VASA can generate scary real video where the newly animated subject is not only able to accurately lip-sync to a supplied voice audio track but also sports varied facial expressions and natural head movements- all from a single static headshot photo.

The team utilized the publicly available VoxCeleb2 dataset which contains video clips of over 6,000 real-life celebrities. Discarding clips with multiple individuals and of low quality, the team trained their model on the processed dataset.

Remarkably, their model can handle inputs outside the training set, such as artistic photos, and non-English speech.

Mona Lisa singing

Using Anne Hathaway’s “Paparazzi,” audio, researchers experimented with the Mona Lisa.

The researchers also claimed that the AI system can work in real-time, demonstrating a clip showing the tool instantly animating pictures with facial expressions and head movements.

The model offers control over gaze, distance, and emotions in the generated video.

The researchers said the model can take in audio of any length and generate a talking face according to the clip.

Impersonation fears

While the model’s capabilities raise impersonation fears, the researchers are adamant that their intention with the tool is not to enhance deepfaking.

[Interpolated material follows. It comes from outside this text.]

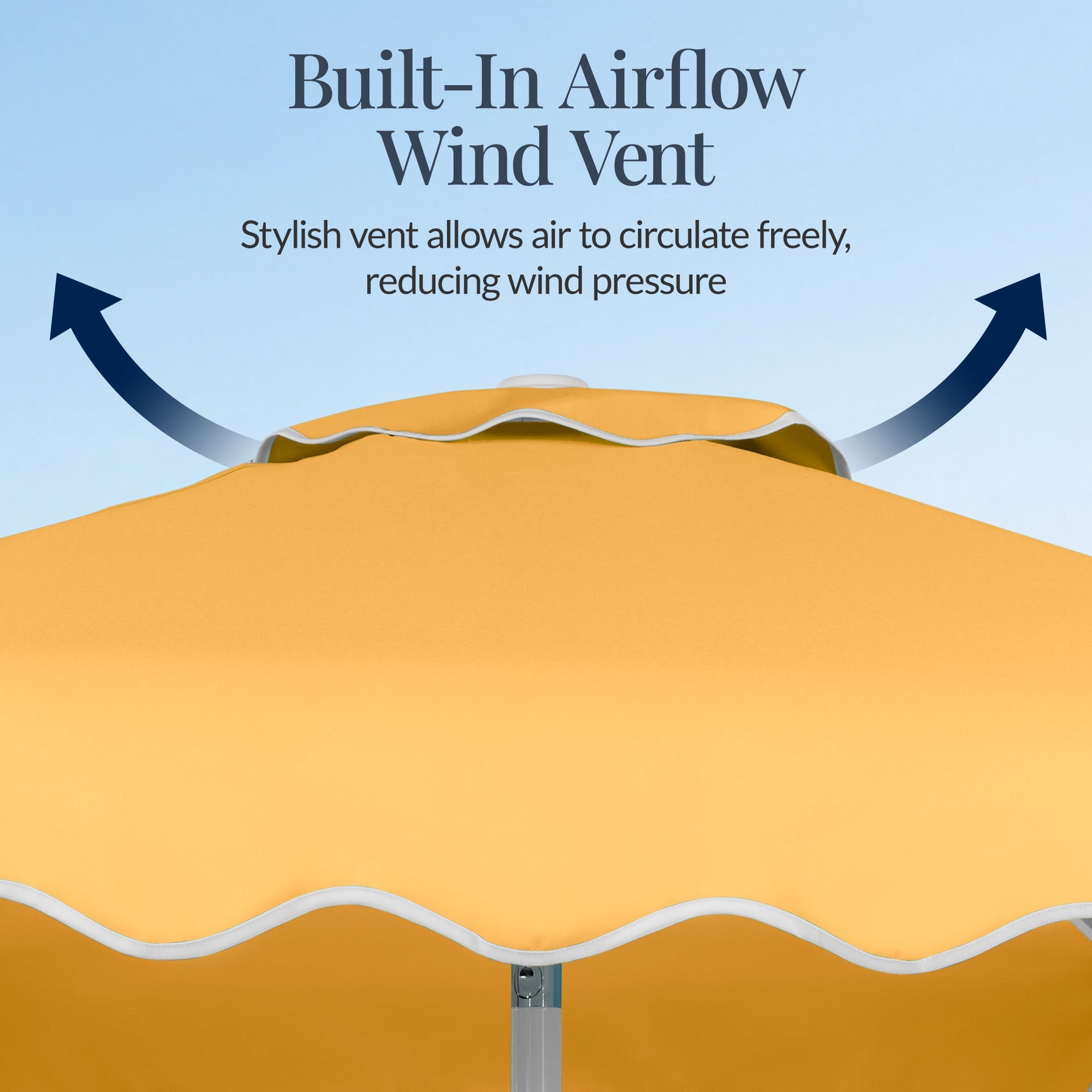 7.5ft Patio Market Umbrella,Wavy Trim, UV-Fade-Resistant, Crank & Tilt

“We are exploring visual affective skill generation for virtual, interactive characters, NOT impersonating any person in the real world,” they wrote in a blog post.

Product won’t be released

The research team maintains that the model will be used for education and provide companionship. They have also refused to release the code that powers the model.

The team emphasized their interest in applying the new technique to advance forgery detection, adding that videos generated by VASA contain identifiable artifacts.

“We have no plans to release an online demo, API, product, additional implementation details, or any related offerings until we are certain that the technology will be used responsibly and in accordance with proper regulations,” they added.

Details of the team’s research was published on the preprint server arXiv.